Die Fakten finden sich bei Kammertöns: Erst 1847 verkaufte die Familie ihre erste Kanone. Macht und Reichtum der Dynastie währten mithin nur hundertzwanzig Jahre. Am 1. April 1967 dankte Alfried Krupp als Firmenchef ab. Sein einziger Sohn, Arndt, hatte bereits im Januar zuvor auf sein Erbe verzichtet und mußte für die nächsten zwanzig Jahre mit einer jährlichen Apanage von zwei Millionen Mark und dem bildhaften Titel "Deutschlands reichster Frührentner" vorliebnehmen.

Emsig hat Kammertöns Details über Arndt und seine Familie zusammengetragen.
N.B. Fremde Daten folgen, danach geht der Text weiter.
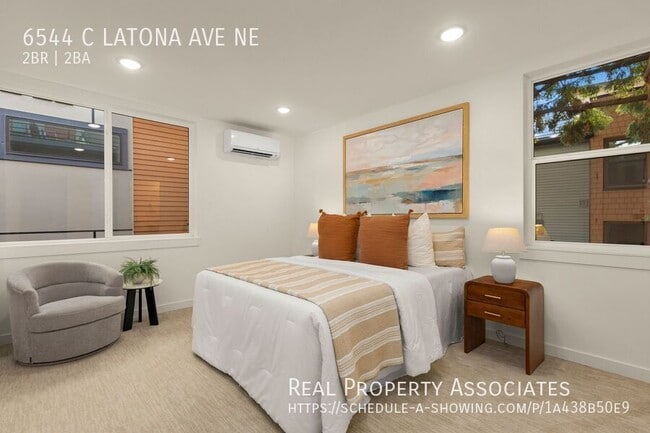 Building Photo - 6544 Latona Ave NE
Einige sind recht erhellend, wie etwa die erste Amtshandlung des neuen Geschäftsführers Berthold Beitz: Der Dynamiker gab angeblich "Anweisung, die Geschwindigkeit der Paternoster im Hauptgebäude spürbar zu erhöhen". Wenn dagegen über Kruppsche Außendienstler kolportiert wird: "Manchmal trafen sie bei ihren Kundenbesuchen auf Frauen, die nie zuvor einen weißen Mann gesehen hatten und den Kruppianern als Dank für diese drollige Erfahrung auf der Stelle ihre Gunst anbieten wollten", so klingt das eher wie Vertreterlatein. Bisweilen sagen Aussparungen mehr aus als Überlieferungen: "Von Bertha ist überliefert, daß sie zusammenzuckte, als sie zum erstenmal eine Hakenkreuzfahne über ihrer Villa wehen sah." Weitere Widerstandshandlungen eines Familienmitglieds werden nicht erwähnt. Was Wertungen betrifft, hält sich Kammertöns sehr zurück und an den ersten Bundespräsidenten Theodor Heuss: "Die Herstellung von Waffen" ist für den Festredner zum hundertfünfzigsten Firmenjubiläum "ein ganz einfacher historischer Tatbestand, den man bedauern, den man aber nicht moralisch bewerten mag".

Vom Titelhelden Arndt handeln nicht einmal die Hälfte der 280 Seiten seiner Biographie. Und das ist gut so, denn Aufstieg und Glanzzeit der Familie Krupp sind wesentlich spannender als ihr Niedergang. Zwischen maßloser Tätigkeit und gemäßigter Wohltätigkeit schwankend, verkörpern die Krupps den Katalog deutscher Sekundärtugenden wie Sparsamkeit, Pünktlichkeit, Sittsamkeit, Bedürfnislosigkeit, Arbeitseifer, Ordnungsliebe und Sammelleidenschaft in häufig comichafter Überzeichnung. Zur Tragödie haben sie das Zeug nicht ganz, zum düsteren Melodram reichte es allemal. Kammertöns verweist einmal auf ein mögliches Vorbild: "Die Erbschaftskämpfe nach dem Tod eines Stahlbarons zu Beginn des Dritten Reiches" habe Luchino Visconti 1968 in seinem Untergangsdrama "Die Verdammten" "meisterhaft in Szene gesetzt". Comic oder Melodram - dummerweise hat dieser Biograph sich weder für die eine noch für die andere Darstellungsweise entschieden, sondern einen Tonfall gewählt, den Deutschlehrer früher gern "lebendig" nannten und der auch für den stärksten Stoff auf Dauer tödlich wirkt.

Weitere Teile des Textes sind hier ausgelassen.